The Interview Structure

First 5 minutes: Context. "Walk me through a typical day when you deal with [problem area]." Get them talking about their real workflow, not your product. You are mapping their world before you zoom into specifics.

Middle 20 minutes: Pain and behavior. Follow the threads they reveal. When they mention a problem, go deeper: "What happens when that goes wrong?" "How do you handle that today?" "What have you tried?" Never suggest solutions. Just listen and probe.

Last 5 minutes: Priorities. "If you could fix one thing about [problem area], what would it be?" This forces ranking. Everything is a problem. What is the biggest problem?

The Five Rules

Rule 1: Ask about past behavior, not future intentions. "Tell me about the last time you had to prioritize features" beats "Would you use a tool that prioritizes features?" Past behavior is real. Future intentions are fiction.

Rule 2: Shut up. After asking a question, wait. Silence is uncomfortable but productive. Users fill silence with the details you need. If you are talking more than 20% of the time, you are interviewing wrong.

Rule 3: No leading questions. "Do you find prioritization difficult?" leads the witness. "How do you currently prioritize your backlog?" is neutral. Let users define their own problems.
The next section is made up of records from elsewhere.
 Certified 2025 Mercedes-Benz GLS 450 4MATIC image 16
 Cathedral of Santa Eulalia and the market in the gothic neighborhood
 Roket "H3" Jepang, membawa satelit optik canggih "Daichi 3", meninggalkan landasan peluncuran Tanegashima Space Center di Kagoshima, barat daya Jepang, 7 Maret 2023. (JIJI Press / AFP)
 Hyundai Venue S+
Rule 4: Follow the emotion. When a user sighs, laughs, or gets frustrated while describing a workflow, probe there. Emotional reactions flag real pain points, not theoretical ones.
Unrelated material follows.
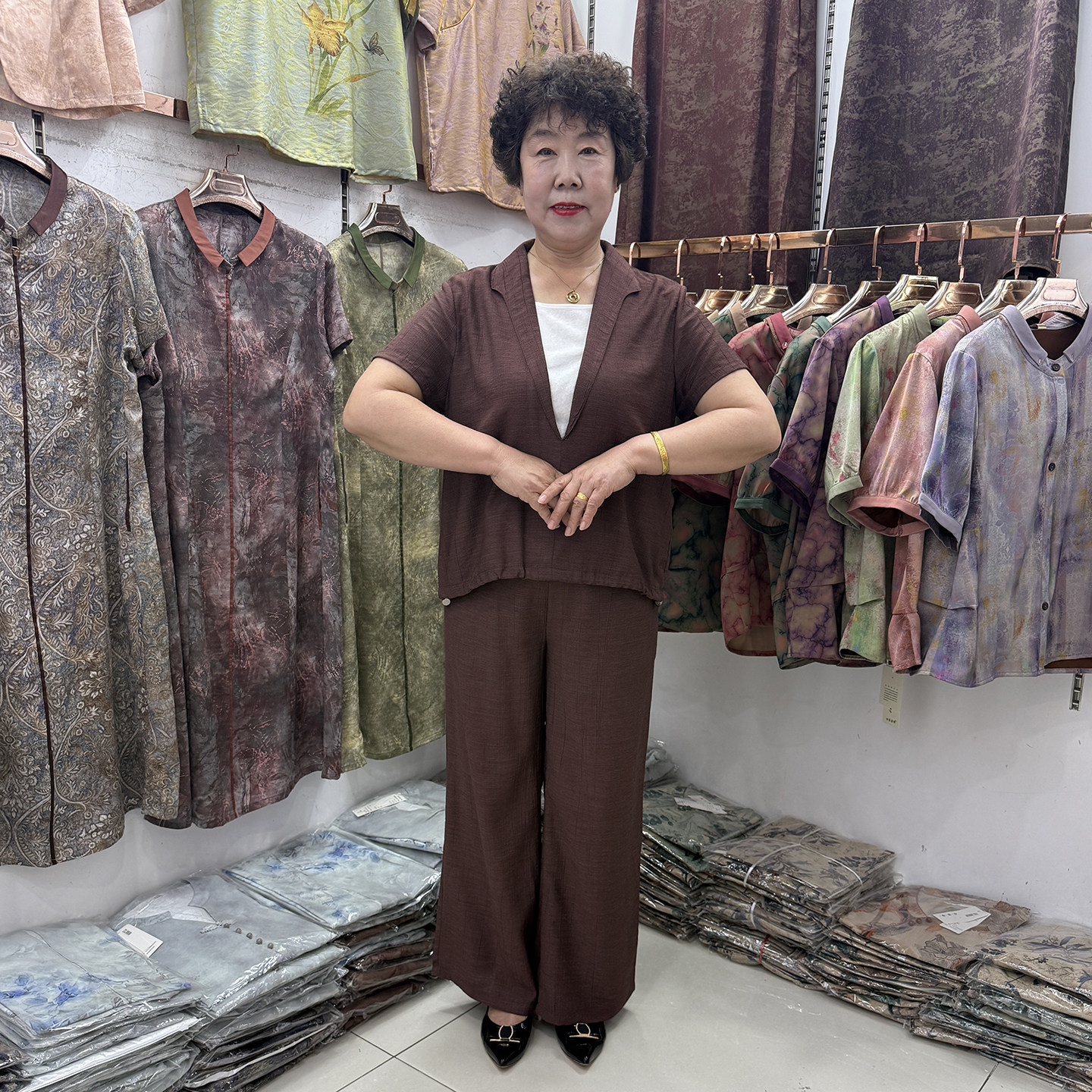 中老年纯色薄款西装假两件套透气短袖上衣高腰垂感阔腿裤妈妈女装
Rule 5: Document immediately. Write up your notes within 2 hours. Memory decays fast. Record calls (with permission) and use timestamps, not full transcripts.

Sample Size

Run 12-15 interviews per customer segment per research question. You will hear new patterns through interview 6-8 and reach saturation by 12-15. After saturation, additional interviews add cost without new insights.

Use the user persona builder to synthesize interview findings into actionable personas. The assumption mapper helps identify which interview insights should change your product assumptions.

From Interviews to Decisions

Interviews generate qualitative signal. To make it actionable:

  1. Cluster findings into themes. Group similar pain points across interviews.
  2. Quantify where possible. "8 out of 12 users mentioned X" is more persuasive than "users mentioned X."
  3. Feed themes into prioritization. Use the RICE Calculator with interview insights informing the impact and confidence scores.
  4. Build an opportunity solution tree mapping discovered opportunities to potential solutions.

The prioritization guide covers how to combine qualitative research with quantitative scoring.

Frequently Asked Questions

How do I recruit users for interviews?+
Email recent active users with a simple ask: "Would you share 30 minutes to help us improve [product area]? We are offering a $50 gift card as a thank-you." Aim for a mix of power users, occasional users, and recent signups. Avoid interviewing only your biggest fans.
Should I show prototypes during interviews?+
Only in the last 5 minutes, if at all. Showing a prototype early anchors the conversation around your solution instead of their problem. Get the unbiased insights first. Then, if useful, show the prototype for reaction testing.
What if users contradict each other?+
That is normal and valuable. Contradictions usually mean you are interviewing across different segments with different needs. Segment your findings by user type (role, company size, use case) and the contradictions often resolve into distinct persona needs.